### What to produce
Search the entries below for "Joyful caucasian attractive". Give that line and all the lines after it again, exactly, through the last, without pictures.

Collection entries

···

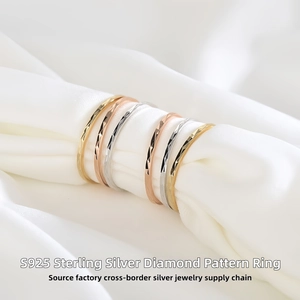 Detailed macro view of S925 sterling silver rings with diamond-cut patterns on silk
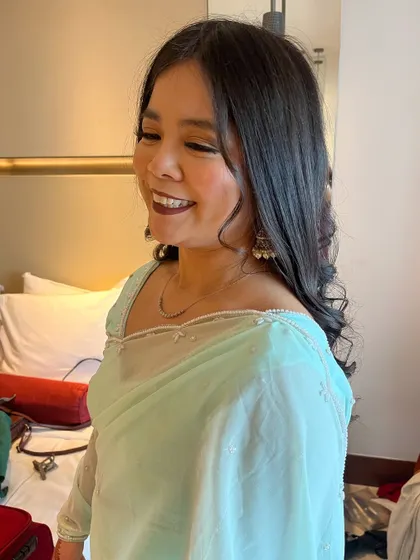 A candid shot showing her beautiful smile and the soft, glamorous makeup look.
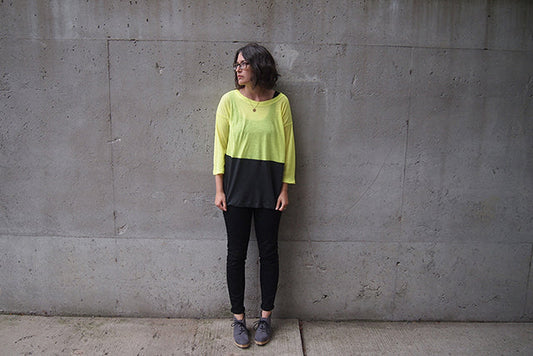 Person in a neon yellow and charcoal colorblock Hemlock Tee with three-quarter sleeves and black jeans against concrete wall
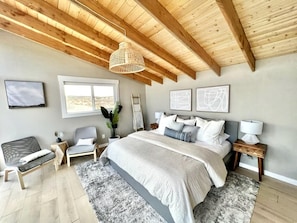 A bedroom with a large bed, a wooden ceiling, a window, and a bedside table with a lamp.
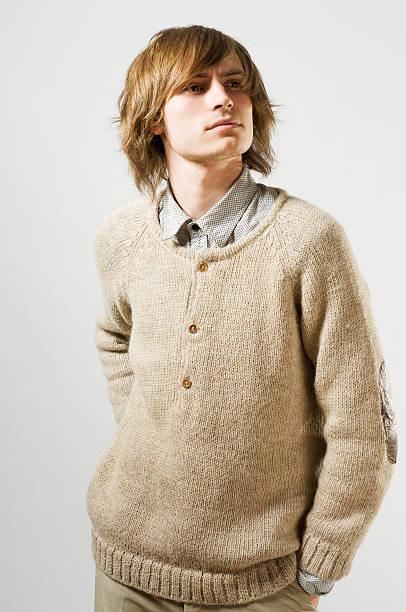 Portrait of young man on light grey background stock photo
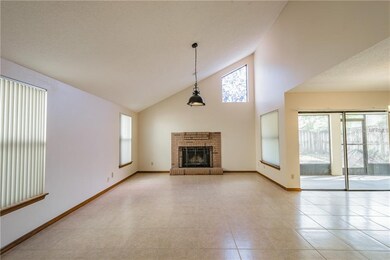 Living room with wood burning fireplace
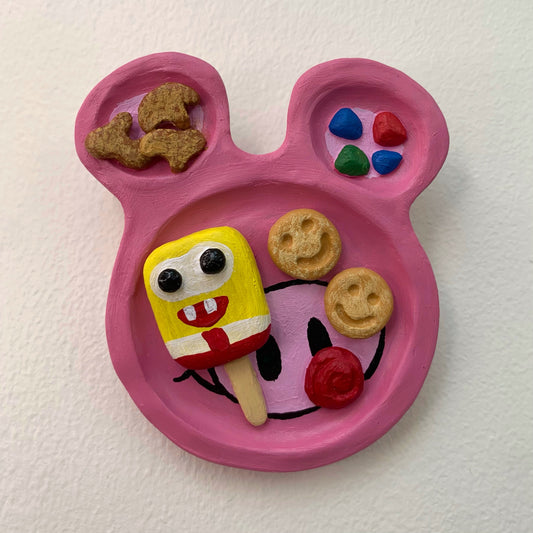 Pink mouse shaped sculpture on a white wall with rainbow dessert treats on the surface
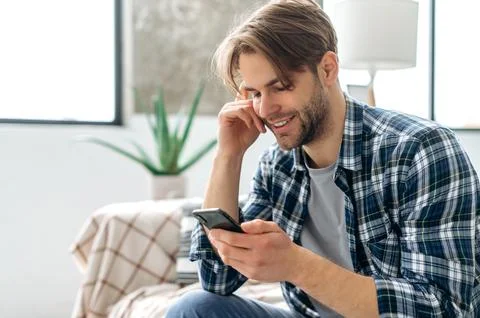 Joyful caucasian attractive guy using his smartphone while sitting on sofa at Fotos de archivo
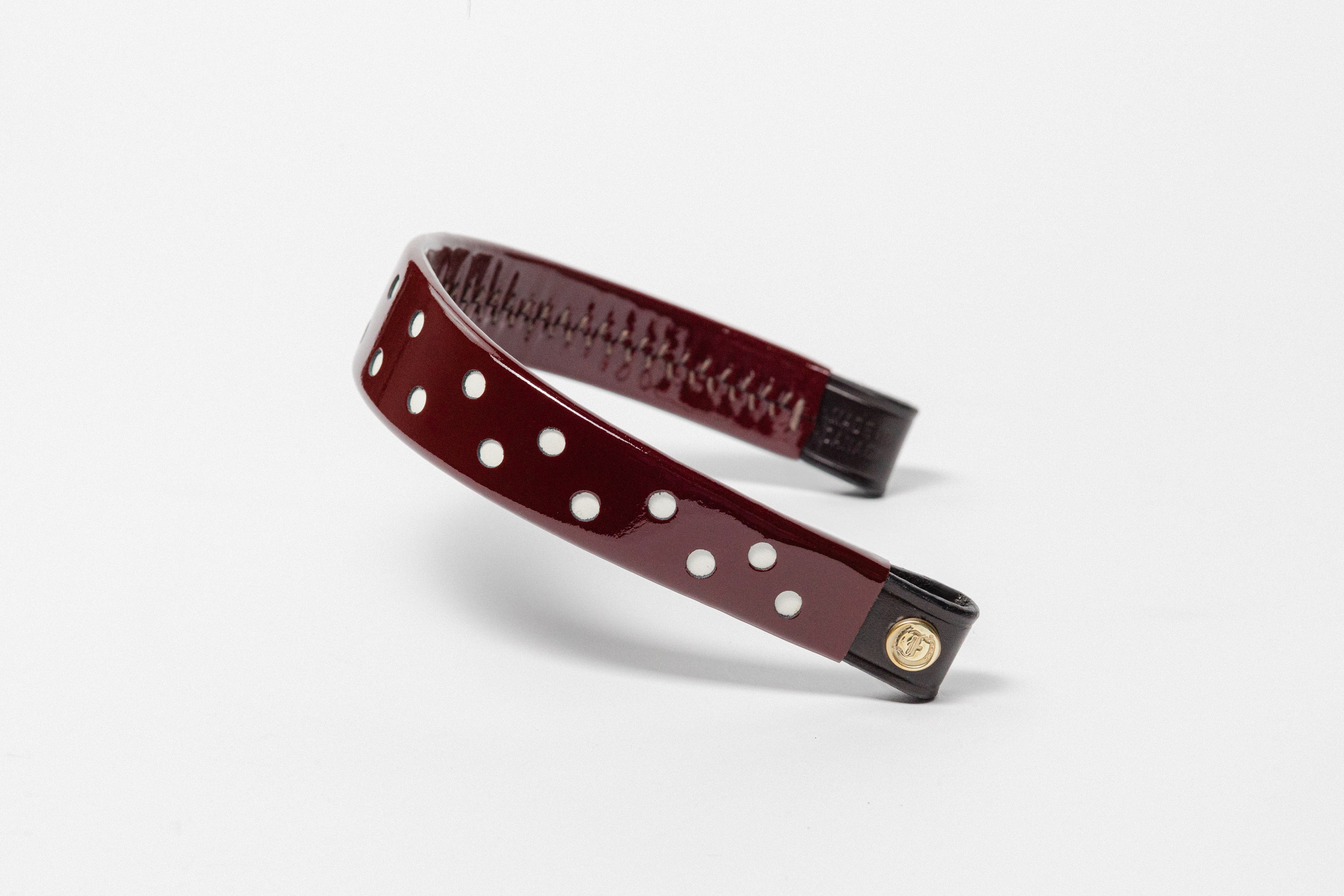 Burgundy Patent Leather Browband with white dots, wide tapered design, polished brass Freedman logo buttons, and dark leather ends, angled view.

···

### Solution for this problem
 Joyful caucasian attractive guy using his smartphone while sitting on sofa at Fotos de archivo
 Burgundy Patent Leather Browband with white dots, wide tapered design, polished brass Freedman logo buttons, and dark leather ends, angled view.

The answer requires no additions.